Every line in the data below from the one containing "61 Garden Road Stowe VT 05672" down to the one containing "ENTRENAMIENTO JULIO CESAR", both included, must be retyped exactly; no other line is to appear.

*** Begin section ***

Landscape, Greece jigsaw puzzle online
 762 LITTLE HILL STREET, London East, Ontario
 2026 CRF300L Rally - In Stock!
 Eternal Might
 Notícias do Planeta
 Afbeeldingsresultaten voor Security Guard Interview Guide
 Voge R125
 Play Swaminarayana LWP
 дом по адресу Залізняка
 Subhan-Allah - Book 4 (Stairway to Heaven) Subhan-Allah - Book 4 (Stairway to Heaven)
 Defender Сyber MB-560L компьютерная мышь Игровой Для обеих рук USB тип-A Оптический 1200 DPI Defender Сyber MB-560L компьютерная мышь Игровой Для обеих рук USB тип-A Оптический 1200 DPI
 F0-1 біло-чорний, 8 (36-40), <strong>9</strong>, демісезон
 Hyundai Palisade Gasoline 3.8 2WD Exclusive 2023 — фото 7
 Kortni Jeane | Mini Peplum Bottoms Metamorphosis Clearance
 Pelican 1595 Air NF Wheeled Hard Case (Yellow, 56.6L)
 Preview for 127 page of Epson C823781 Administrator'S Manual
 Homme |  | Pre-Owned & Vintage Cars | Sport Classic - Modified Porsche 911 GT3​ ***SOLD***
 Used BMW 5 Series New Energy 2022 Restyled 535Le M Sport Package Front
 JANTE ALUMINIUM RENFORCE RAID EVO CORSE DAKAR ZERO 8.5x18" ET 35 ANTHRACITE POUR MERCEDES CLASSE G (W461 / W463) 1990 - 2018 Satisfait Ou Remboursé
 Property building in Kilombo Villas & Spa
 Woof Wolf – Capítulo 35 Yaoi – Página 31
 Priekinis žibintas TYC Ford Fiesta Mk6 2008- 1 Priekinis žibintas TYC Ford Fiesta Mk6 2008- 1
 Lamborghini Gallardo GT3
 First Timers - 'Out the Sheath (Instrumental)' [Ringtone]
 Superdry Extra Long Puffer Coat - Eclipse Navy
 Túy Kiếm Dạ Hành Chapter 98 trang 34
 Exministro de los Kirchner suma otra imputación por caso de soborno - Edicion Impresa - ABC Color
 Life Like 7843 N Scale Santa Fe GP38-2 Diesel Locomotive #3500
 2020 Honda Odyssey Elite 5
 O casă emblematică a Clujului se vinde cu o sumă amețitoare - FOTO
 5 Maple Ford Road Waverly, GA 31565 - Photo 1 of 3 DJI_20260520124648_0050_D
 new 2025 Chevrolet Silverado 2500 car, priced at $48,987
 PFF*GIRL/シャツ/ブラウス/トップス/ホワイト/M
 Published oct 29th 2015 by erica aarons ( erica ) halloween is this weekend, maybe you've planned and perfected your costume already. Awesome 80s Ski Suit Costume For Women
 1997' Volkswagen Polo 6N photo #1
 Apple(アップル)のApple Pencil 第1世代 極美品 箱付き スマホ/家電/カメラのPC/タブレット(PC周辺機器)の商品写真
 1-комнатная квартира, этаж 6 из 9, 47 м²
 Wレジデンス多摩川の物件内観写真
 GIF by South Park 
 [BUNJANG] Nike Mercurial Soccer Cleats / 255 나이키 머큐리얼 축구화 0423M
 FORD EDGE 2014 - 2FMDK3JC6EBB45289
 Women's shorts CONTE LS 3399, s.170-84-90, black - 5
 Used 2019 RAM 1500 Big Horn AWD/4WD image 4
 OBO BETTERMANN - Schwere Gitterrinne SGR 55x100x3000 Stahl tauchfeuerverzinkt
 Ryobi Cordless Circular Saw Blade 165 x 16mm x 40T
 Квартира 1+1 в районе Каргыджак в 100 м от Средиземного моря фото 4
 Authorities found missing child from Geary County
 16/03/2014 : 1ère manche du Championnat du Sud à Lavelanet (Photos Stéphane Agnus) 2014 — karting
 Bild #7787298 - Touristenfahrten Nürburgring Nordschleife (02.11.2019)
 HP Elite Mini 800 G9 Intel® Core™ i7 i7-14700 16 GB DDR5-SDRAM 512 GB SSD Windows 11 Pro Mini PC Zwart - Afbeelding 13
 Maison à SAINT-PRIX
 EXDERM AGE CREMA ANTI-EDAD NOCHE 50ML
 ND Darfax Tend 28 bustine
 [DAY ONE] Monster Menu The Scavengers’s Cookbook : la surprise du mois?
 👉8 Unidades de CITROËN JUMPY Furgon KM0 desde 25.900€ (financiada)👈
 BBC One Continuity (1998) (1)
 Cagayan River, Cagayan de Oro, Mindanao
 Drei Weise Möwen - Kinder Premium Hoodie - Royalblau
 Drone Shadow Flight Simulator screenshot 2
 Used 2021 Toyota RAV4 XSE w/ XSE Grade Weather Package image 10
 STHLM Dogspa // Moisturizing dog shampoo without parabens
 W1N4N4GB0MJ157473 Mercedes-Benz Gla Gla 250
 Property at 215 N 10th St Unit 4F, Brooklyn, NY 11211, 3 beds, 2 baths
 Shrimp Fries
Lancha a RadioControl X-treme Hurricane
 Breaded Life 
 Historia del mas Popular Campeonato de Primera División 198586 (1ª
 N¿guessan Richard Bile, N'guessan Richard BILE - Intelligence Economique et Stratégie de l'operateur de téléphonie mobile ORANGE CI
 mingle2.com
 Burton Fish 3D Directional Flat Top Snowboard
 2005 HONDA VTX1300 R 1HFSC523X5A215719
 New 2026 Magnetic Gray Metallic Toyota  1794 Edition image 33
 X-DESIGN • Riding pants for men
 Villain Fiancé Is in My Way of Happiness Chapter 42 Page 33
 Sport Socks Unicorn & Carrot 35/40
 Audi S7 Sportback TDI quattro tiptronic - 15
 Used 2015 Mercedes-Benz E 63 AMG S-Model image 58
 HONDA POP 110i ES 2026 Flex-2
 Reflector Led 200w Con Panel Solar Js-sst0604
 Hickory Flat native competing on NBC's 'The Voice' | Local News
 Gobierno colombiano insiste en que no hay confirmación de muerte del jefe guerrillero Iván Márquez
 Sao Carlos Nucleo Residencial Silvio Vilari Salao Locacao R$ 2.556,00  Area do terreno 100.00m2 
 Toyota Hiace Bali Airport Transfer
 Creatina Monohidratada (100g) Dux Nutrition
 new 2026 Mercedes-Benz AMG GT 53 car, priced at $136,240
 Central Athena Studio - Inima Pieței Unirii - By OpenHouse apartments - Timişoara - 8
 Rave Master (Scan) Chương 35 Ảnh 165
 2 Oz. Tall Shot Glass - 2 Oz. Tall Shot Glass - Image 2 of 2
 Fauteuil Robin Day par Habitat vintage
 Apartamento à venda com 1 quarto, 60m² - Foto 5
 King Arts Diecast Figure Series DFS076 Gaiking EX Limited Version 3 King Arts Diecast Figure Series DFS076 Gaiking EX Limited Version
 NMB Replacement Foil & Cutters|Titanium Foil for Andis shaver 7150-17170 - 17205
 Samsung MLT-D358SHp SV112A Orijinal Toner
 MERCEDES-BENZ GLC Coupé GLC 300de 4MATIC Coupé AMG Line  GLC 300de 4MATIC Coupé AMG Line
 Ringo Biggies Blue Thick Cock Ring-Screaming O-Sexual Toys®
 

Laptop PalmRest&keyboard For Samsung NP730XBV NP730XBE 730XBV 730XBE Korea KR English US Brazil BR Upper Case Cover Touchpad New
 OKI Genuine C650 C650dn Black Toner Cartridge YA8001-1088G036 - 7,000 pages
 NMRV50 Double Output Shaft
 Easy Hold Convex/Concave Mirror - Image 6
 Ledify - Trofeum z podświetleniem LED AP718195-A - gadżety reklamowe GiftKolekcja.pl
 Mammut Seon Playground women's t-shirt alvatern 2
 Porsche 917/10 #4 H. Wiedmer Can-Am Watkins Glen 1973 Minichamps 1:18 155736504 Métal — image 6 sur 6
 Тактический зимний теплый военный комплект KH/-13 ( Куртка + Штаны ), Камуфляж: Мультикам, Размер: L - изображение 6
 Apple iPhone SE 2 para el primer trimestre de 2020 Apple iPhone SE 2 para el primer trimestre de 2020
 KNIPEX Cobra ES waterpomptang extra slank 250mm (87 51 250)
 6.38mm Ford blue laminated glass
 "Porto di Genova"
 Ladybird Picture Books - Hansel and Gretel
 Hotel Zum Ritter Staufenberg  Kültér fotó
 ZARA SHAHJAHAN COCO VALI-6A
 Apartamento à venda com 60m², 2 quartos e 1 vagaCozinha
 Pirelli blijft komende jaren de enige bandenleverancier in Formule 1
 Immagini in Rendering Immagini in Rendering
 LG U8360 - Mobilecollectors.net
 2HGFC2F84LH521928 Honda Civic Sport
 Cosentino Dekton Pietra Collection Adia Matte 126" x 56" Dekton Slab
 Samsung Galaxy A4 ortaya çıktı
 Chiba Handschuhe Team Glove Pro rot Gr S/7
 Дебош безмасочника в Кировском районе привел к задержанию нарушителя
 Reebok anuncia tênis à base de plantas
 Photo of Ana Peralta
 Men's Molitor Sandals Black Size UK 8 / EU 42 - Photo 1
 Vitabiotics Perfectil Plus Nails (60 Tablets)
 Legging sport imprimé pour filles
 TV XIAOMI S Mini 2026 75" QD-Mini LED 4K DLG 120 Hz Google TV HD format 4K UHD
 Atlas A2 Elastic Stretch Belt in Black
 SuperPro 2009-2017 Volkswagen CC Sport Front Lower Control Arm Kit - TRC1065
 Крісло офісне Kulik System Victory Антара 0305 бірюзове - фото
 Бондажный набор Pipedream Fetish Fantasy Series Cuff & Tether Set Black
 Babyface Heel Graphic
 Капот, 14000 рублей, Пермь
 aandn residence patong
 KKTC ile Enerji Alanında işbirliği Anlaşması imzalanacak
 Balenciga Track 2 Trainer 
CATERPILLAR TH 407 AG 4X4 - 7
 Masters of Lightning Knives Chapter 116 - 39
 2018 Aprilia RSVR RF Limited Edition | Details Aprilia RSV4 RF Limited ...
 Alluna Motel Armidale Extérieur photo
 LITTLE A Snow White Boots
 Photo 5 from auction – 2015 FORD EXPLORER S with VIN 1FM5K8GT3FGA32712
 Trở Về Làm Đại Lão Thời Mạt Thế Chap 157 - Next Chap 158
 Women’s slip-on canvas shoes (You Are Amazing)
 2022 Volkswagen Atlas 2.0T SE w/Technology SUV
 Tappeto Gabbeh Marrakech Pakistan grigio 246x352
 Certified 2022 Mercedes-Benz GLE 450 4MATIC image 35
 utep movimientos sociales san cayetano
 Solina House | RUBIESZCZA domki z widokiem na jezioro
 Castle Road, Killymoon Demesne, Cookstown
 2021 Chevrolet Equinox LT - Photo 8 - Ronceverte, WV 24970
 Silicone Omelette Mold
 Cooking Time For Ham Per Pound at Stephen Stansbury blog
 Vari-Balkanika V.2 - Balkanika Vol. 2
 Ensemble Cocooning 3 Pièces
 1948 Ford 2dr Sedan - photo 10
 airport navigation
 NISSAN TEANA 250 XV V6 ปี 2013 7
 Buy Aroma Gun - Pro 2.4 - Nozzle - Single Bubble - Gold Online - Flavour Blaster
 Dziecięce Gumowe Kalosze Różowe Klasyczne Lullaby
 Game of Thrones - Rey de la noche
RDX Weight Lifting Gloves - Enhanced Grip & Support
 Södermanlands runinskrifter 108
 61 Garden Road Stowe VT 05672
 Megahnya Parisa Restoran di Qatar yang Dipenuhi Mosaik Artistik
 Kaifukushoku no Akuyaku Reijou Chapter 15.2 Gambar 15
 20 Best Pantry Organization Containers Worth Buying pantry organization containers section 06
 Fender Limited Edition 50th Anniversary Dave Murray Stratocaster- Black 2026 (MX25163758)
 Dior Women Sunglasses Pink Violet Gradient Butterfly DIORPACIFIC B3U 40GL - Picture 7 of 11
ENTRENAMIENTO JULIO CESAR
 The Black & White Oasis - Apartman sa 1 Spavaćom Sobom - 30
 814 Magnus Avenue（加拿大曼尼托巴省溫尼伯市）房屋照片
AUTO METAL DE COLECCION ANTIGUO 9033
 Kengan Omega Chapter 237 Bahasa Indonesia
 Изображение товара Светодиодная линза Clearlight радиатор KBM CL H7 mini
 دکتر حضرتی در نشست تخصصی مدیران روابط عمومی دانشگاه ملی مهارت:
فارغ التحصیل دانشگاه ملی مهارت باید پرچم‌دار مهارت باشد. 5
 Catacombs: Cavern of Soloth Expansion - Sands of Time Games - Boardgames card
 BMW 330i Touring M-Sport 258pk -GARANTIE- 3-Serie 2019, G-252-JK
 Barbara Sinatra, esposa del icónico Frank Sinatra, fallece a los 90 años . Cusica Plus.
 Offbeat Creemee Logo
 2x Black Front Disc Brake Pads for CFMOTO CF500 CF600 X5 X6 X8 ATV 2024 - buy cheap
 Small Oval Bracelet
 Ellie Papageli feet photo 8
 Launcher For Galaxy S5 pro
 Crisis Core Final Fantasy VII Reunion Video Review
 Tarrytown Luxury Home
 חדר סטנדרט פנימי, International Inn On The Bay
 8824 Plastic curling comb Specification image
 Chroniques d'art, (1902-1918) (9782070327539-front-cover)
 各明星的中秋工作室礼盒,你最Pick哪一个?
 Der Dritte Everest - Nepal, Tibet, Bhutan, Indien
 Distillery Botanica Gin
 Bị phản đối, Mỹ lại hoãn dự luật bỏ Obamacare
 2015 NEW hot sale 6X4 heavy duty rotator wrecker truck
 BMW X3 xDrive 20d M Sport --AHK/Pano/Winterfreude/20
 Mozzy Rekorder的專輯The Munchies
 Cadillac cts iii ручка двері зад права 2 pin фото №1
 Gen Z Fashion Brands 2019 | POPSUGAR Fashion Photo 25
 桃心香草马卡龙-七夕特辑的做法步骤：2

*** End section ***

* _TASK RESPONSE_
 61 Garden Road Stowe VT 05672
 Megahnya Parisa Restoran di Qatar yang Dipenuhi Mosaik Artistik
 Kaifukushoku no Akuyaku Reijou Chapter 15.2 Gambar 15
 20 Best Pantry Organization Containers Worth Buying pantry organization containers section 06
 Fender Limited Edition 50th Anniversary Dave Murray Stratocaster- Black 2026 (MX25163758)
 Dior Women Sunglasses Pink Violet Gradient Butterfly DIORPACIFIC B3U 40GL - Picture 7 of 11
ENTRENAMIENTO JULIO CESAR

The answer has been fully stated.